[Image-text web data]
════

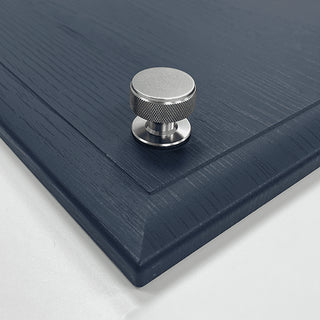 Bowlee Brushed Nickel Knurled Knob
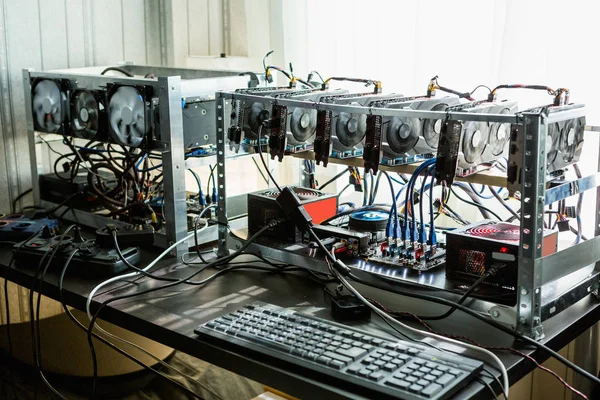 Computer for bitcoin mining — Stock Photo, Image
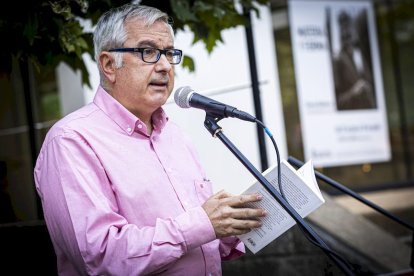 Primer día de Expoesía, Alfonso Armada y Nikola Tanaskovic - MARIO TEJEDOR (6)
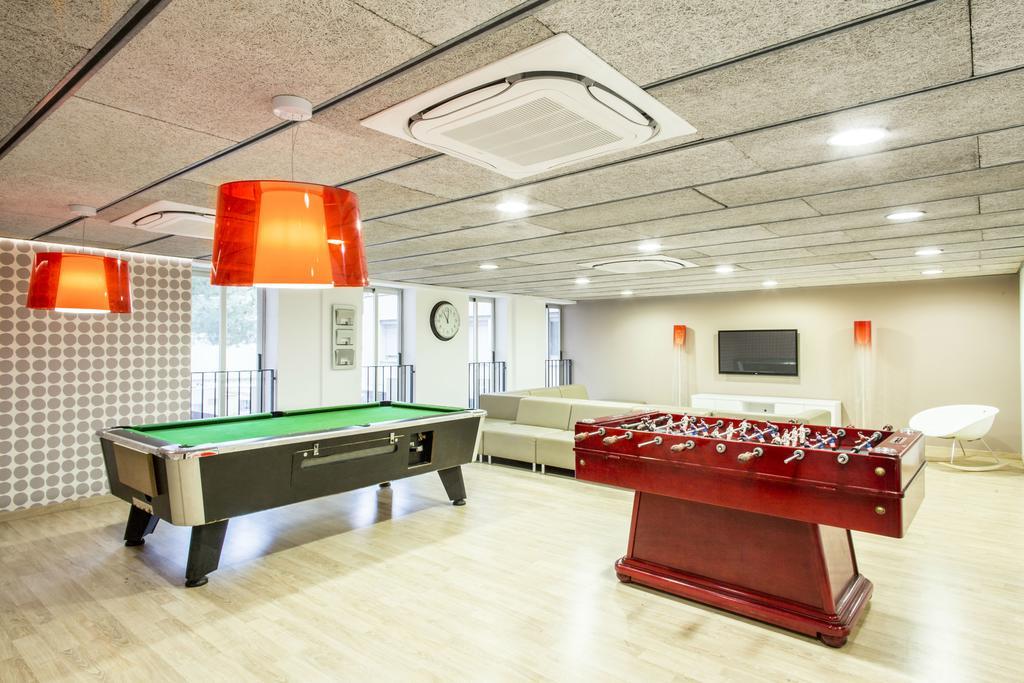 Residencia Universitaria Resa La Ciutadella Barcelona Buitenkant foto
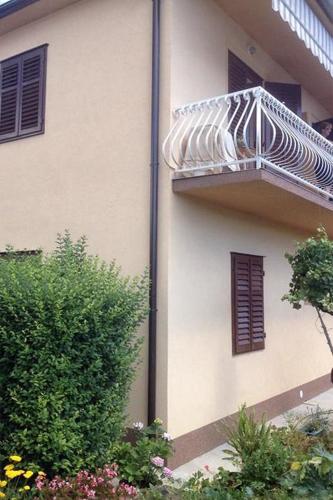 Apartments with a parking space Jelsa, Hvar - 4028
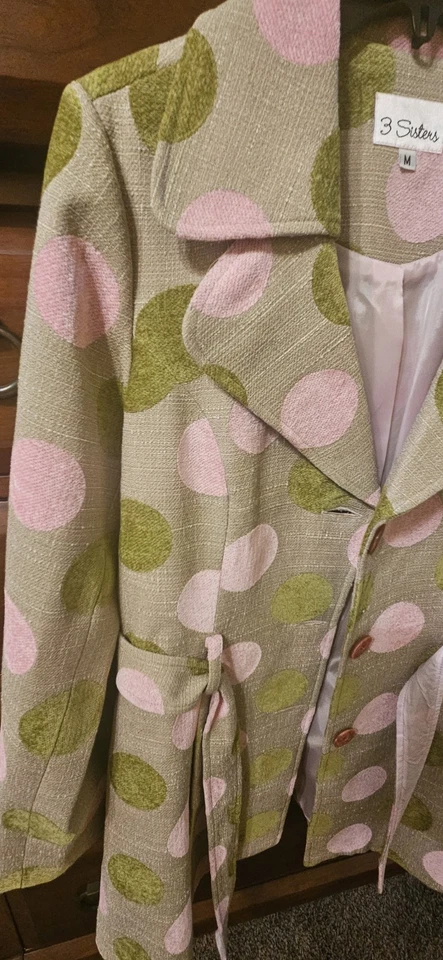 3 Sister's Jacket - Image 2 of 2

════

Transcribe every entry exactly. Leave out the pictures.

 Bowlee Brushed Nickel Knurled Knob
 Computer for bitcoin mining — Stock Photo, Image
 Primer día de Expoesía, Alfonso Armada y Nikola Tanaskovic - MARIO TEJEDOR (6)
 Residencia Universitaria Resa La Ciutadella Barcelona Buitenkant foto
 Apartments with a parking space Jelsa, Hvar - 4028
 3 Sister's Jacket - Image 2 of 2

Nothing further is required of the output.